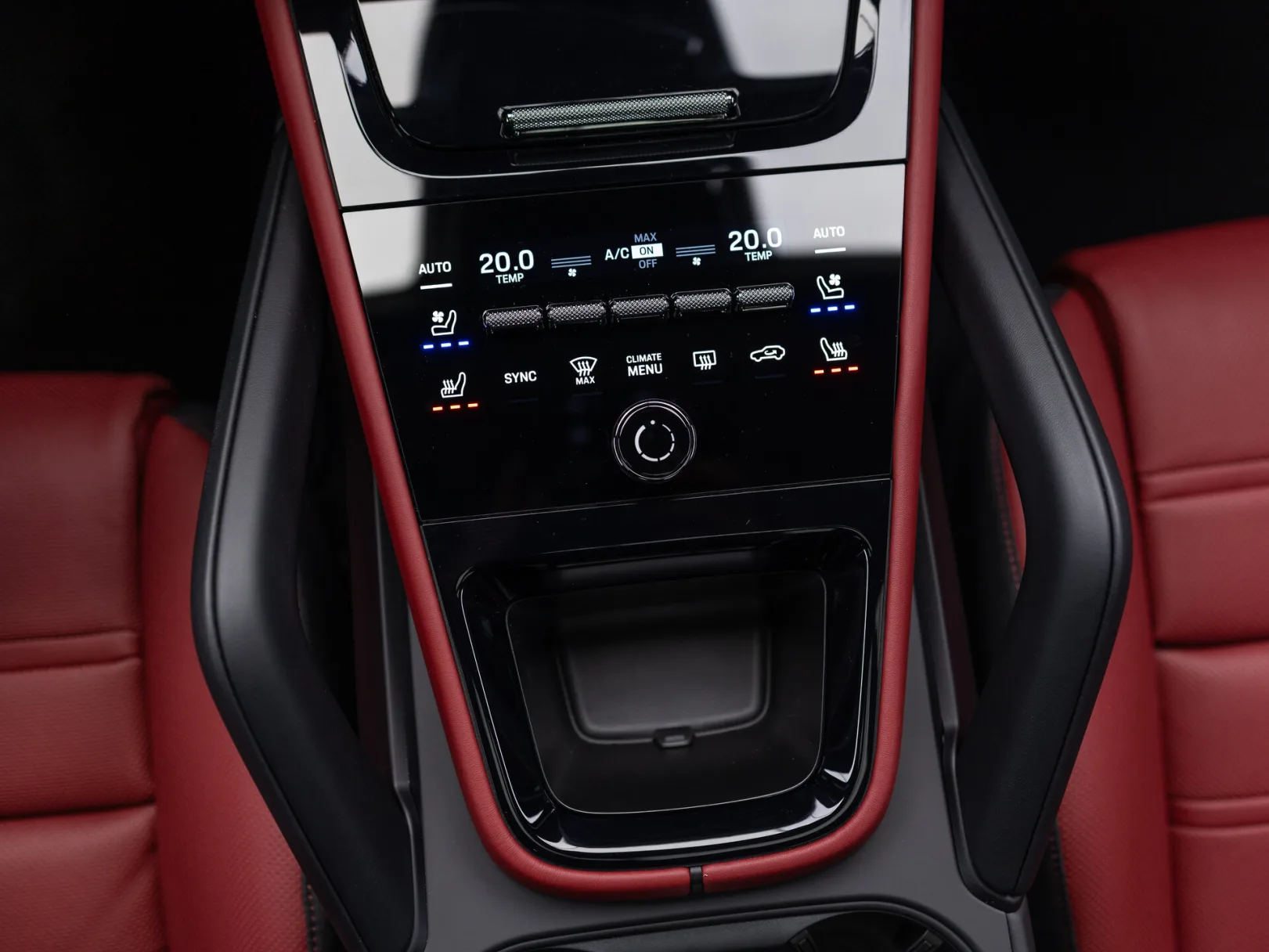 Porsche Cayenne GTS Coupé III Рестайлинг, 2026 — экстерьер, фото 21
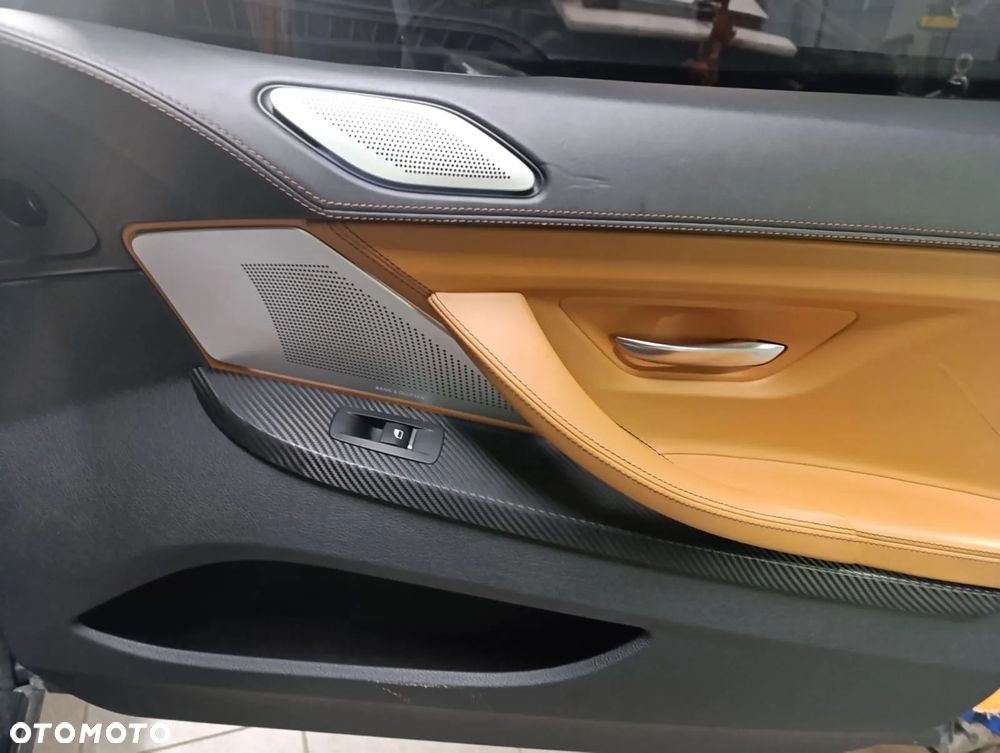 BMW Seria 6 650i - 12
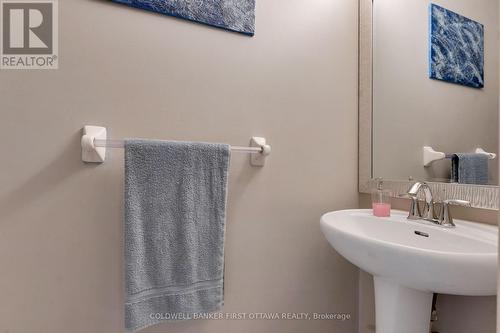 150 Urbancrest Private, Ottawa, ON - Indoor Photo Showing Bathroom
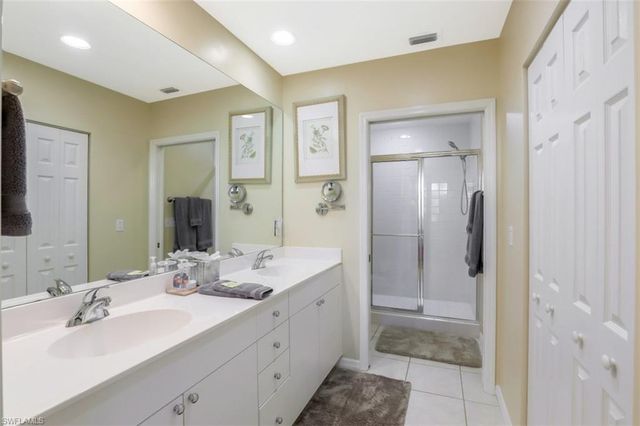 460 Launch CIR 403, Naples, FL 34108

(TASK ITEM)
Give again exactly the lines from the one that contains "BMW Seria 6 650i - 12" through the end of the material, both ends included, omitting the pictures.

(TASK ANSWER)
 BMW Seria 6 650i - 12
 150 Urbancrest Private, Ottawa, ON - Indoor Photo Showing Bathroom
 460 Launch CIR 403, Naples, FL 34108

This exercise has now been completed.